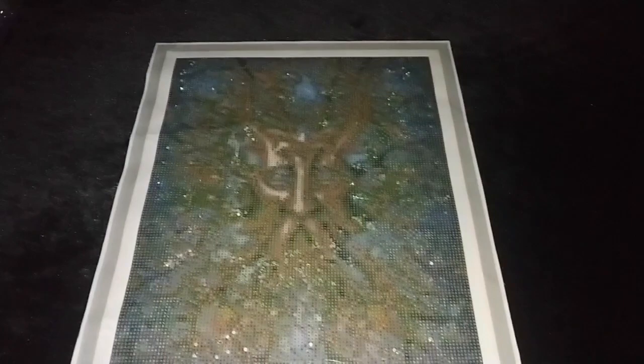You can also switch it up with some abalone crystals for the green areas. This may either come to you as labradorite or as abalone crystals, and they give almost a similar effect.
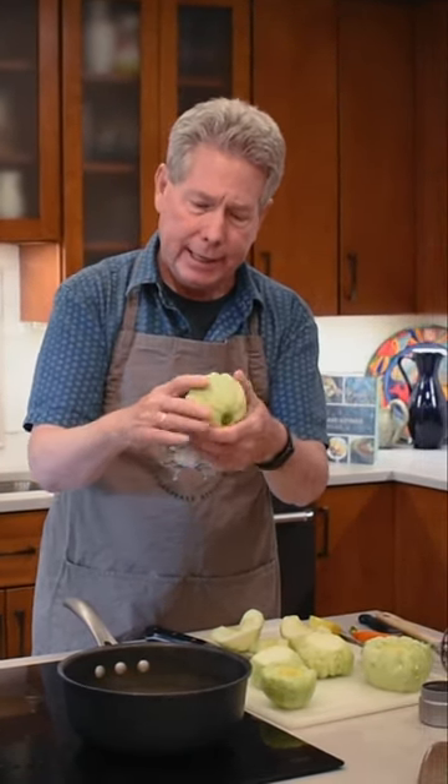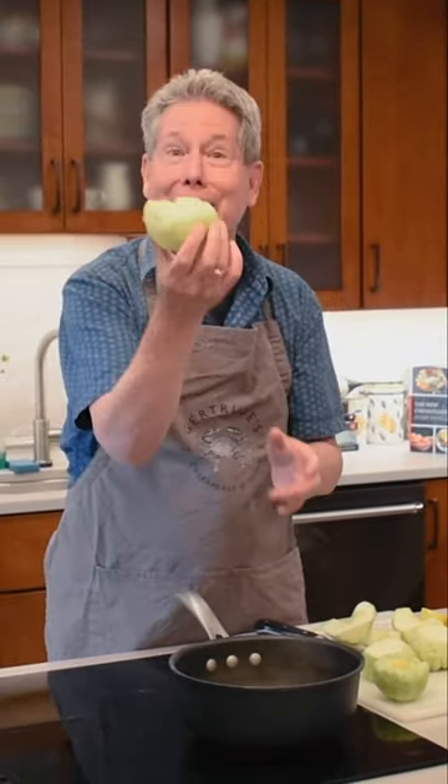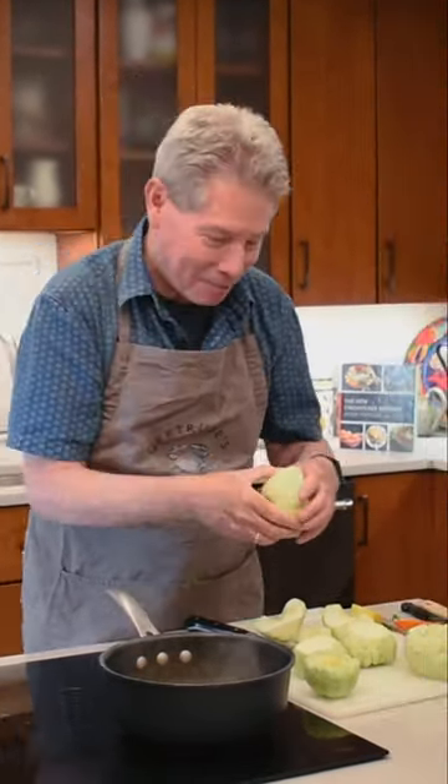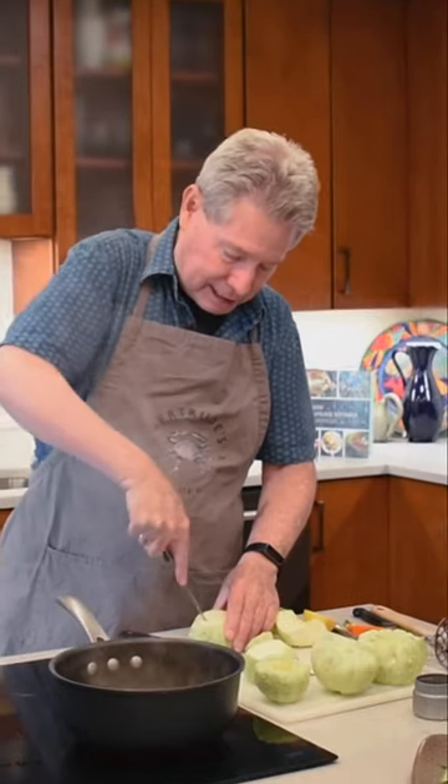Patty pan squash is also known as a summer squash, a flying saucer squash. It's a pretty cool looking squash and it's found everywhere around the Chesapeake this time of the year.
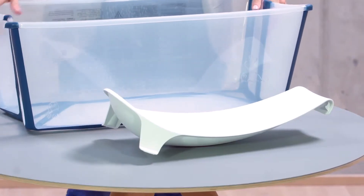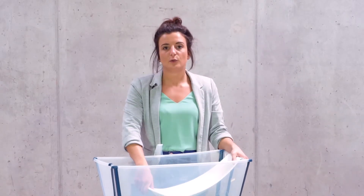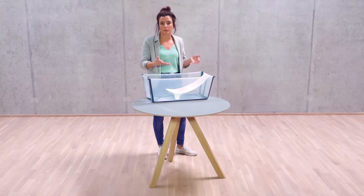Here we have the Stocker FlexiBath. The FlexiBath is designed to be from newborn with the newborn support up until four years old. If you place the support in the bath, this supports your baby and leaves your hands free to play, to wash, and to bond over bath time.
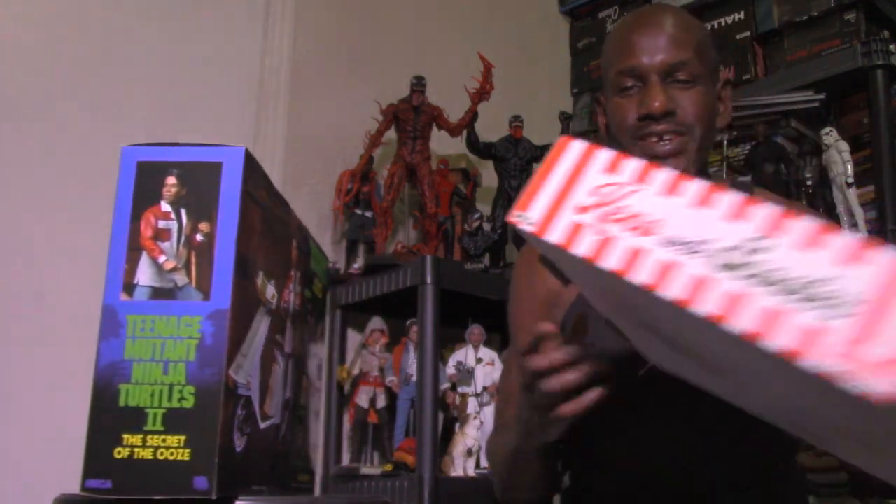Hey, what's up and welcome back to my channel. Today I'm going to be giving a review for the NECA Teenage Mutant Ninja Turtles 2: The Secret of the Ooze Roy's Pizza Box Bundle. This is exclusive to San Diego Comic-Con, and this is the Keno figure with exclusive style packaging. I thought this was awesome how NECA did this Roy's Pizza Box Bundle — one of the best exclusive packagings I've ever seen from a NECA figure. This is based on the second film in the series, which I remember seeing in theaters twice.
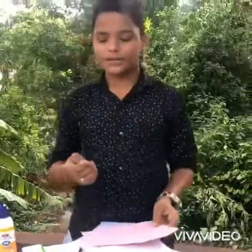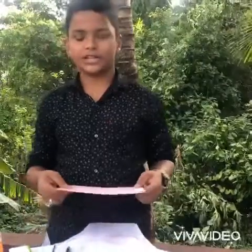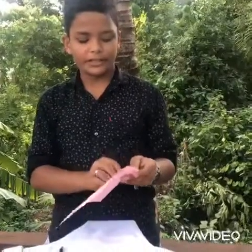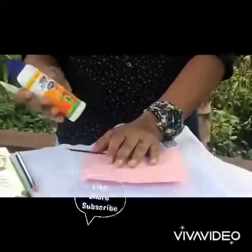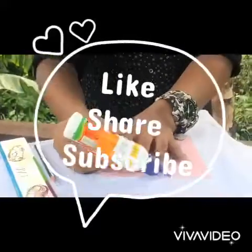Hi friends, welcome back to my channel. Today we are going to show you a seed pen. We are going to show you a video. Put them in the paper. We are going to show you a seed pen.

------------

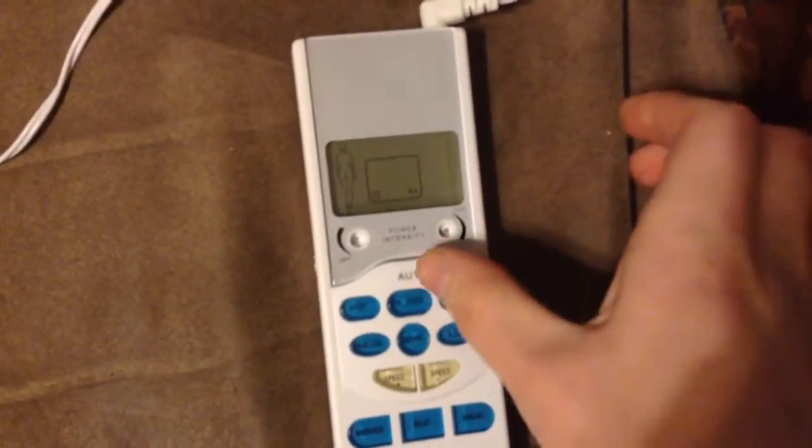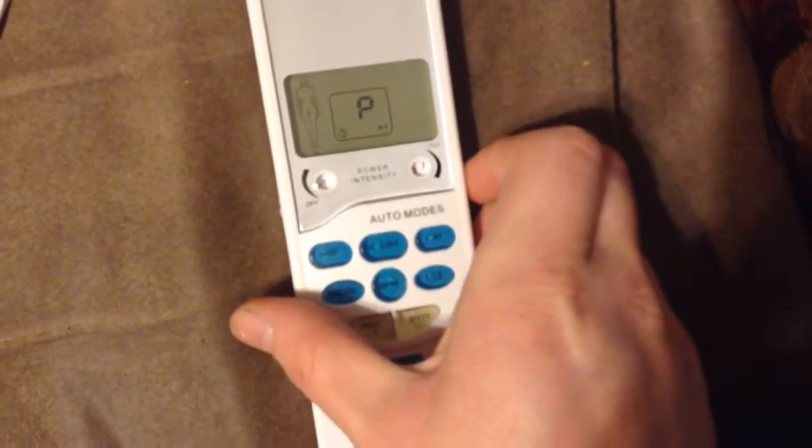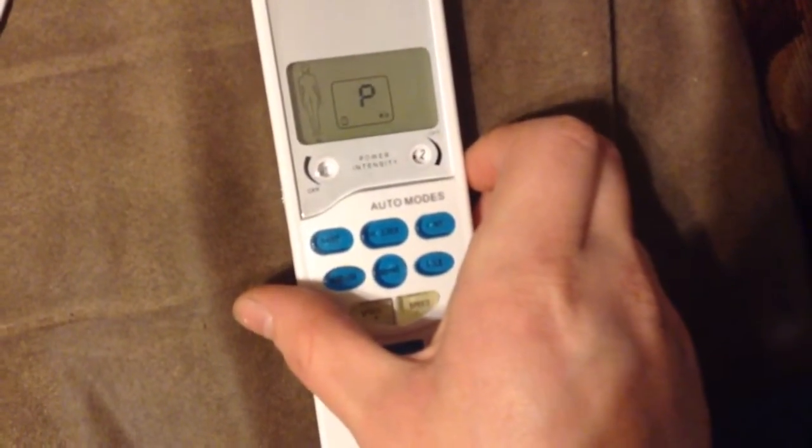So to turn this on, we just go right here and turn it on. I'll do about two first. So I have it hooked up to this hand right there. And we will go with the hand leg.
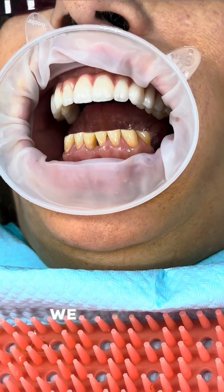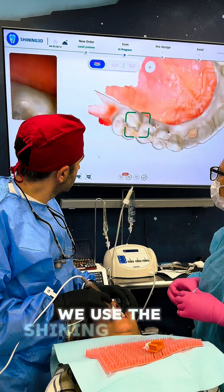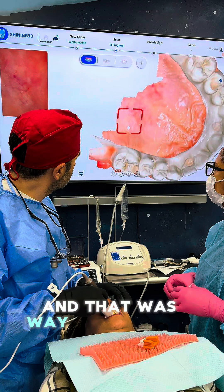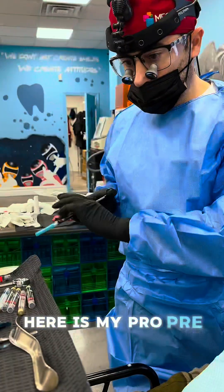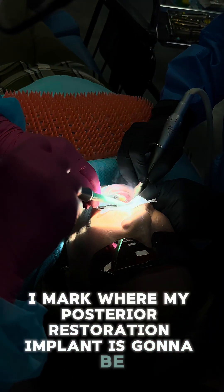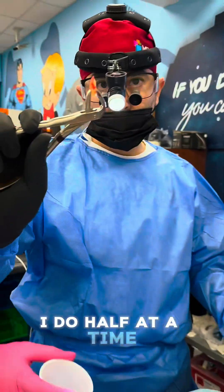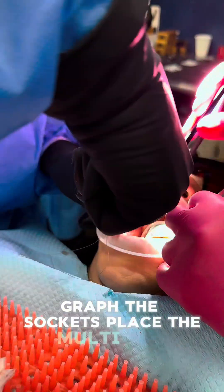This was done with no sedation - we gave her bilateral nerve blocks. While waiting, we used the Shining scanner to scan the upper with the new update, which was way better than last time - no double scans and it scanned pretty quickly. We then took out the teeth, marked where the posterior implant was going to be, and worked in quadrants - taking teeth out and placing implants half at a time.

------------

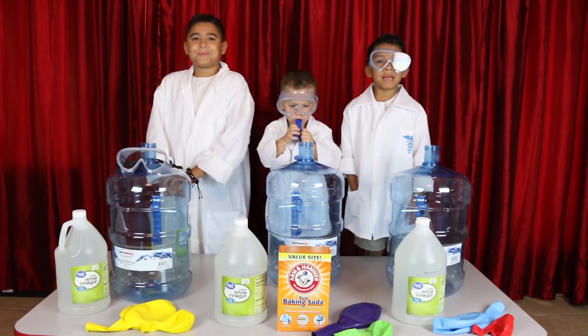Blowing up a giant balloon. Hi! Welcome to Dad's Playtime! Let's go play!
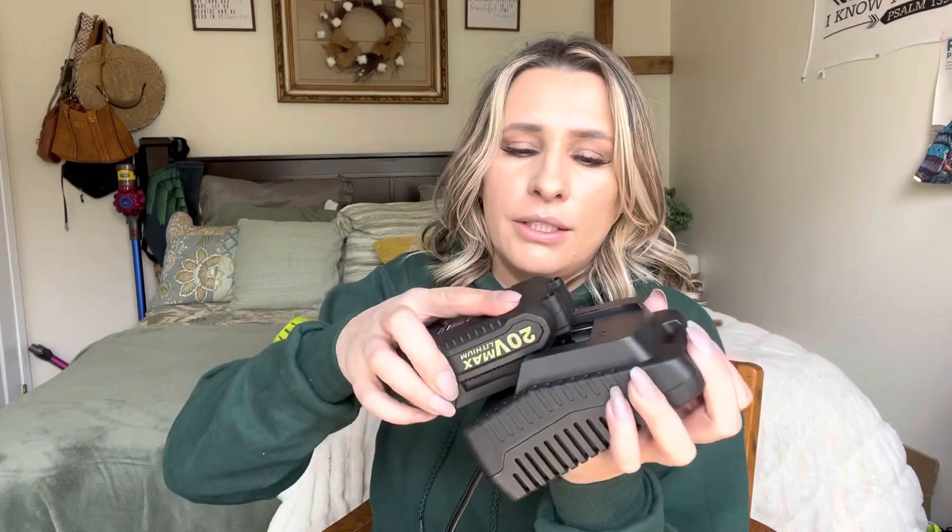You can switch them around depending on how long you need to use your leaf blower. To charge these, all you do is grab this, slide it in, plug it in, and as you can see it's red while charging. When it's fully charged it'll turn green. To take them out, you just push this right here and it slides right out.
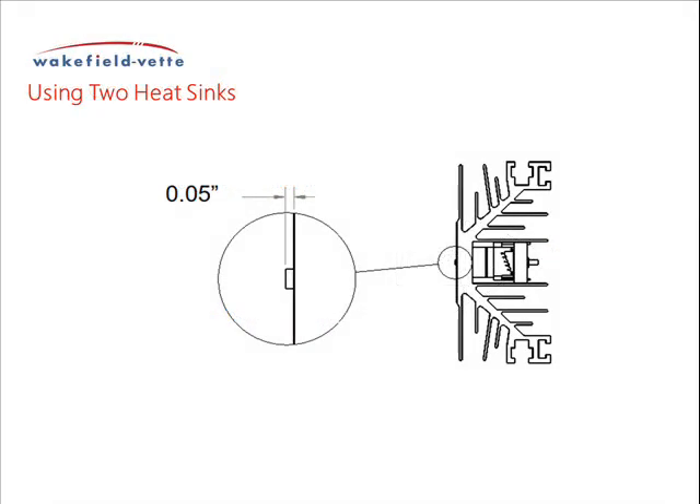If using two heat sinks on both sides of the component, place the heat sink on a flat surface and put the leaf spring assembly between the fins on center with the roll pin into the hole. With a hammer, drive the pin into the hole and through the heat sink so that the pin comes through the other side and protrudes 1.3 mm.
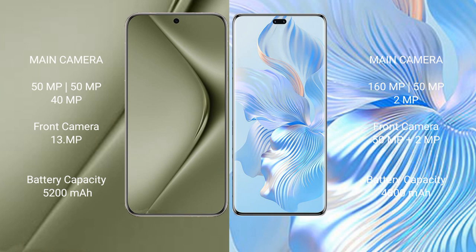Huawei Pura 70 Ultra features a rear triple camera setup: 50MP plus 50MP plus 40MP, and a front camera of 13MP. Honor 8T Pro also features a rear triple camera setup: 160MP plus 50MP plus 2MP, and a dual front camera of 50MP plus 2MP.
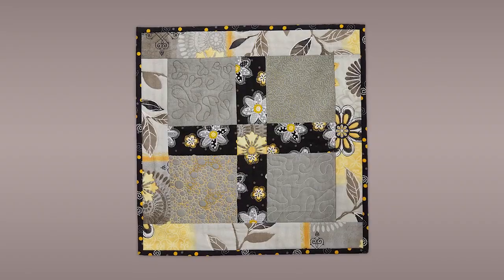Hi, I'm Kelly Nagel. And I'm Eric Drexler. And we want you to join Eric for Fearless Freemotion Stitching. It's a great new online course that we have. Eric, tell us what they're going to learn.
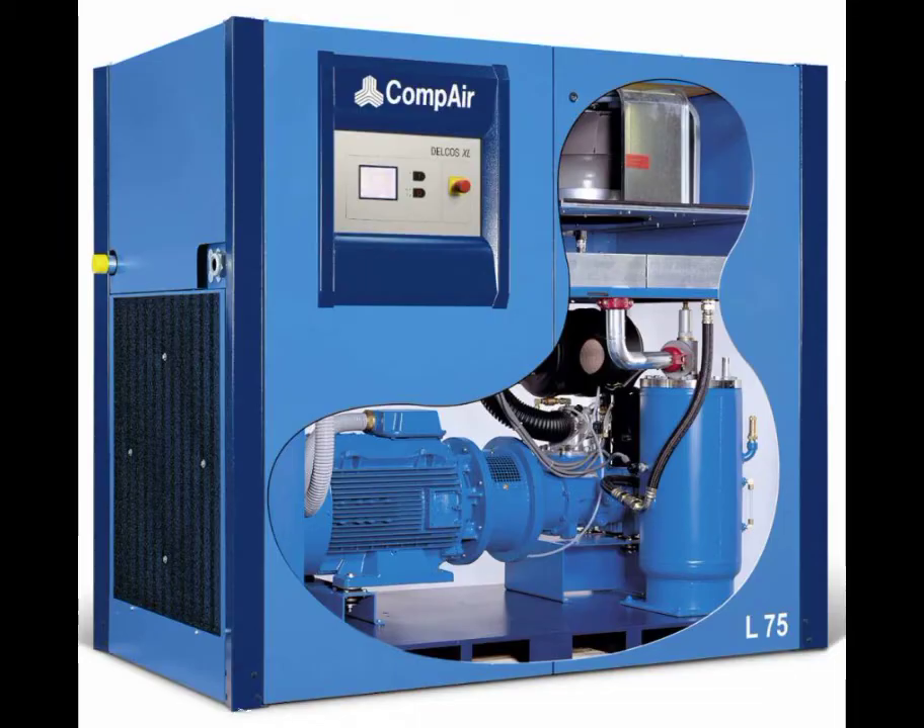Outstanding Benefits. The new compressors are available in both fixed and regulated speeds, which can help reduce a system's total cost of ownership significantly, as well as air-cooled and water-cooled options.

------------

### [What is required]
"Blowing up a" marks the first line to copy, and "Outstanding Benefits. The" marks the last. Repeat that stretch above exactly, with no pictures.

### [Completed exercise]
Blowing up a giant balloon. Hi! Welcome to Dad's Playtime! Let's go play!
You can switch them around depending on how long you need to use your leaf blower. To charge these, all you do is grab this, slide it in, plug it in, and as you can see it's red while charging. When it's fully charged it'll turn green. To take them out, you just push this right here and it slides right out.
If using two heat sinks on both sides of the component, place the heat sink on a flat surface and put the leaf spring assembly between the fins on center with the roll pin into the hole. With a hammer, drive the pin into the hole and through the heat sink so that the pin comes through the other side and protrudes 1.3 mm.
Huawei Pura 70 Ultra features a rear triple camera setup: 50MP plus 50MP plus 40MP, and a front camera of 13MP. Honor 8T Pro also features a rear triple camera setup: 160MP plus 50MP plus 2MP, and a dual front camera of 50MP plus 2MP.
Hi, I'm Kelly Nagel. And I'm Eric Drexler. And we want you to join Eric for Fearless Freemotion Stitching. It's a great new online course that we have. Eric, tell us what they're going to learn.
Outstanding Benefits. The new compressors are available in both fixed and regulated speeds, which can help reduce a system's total cost of ownership significantly, as well as air-cooled and water-cooled options.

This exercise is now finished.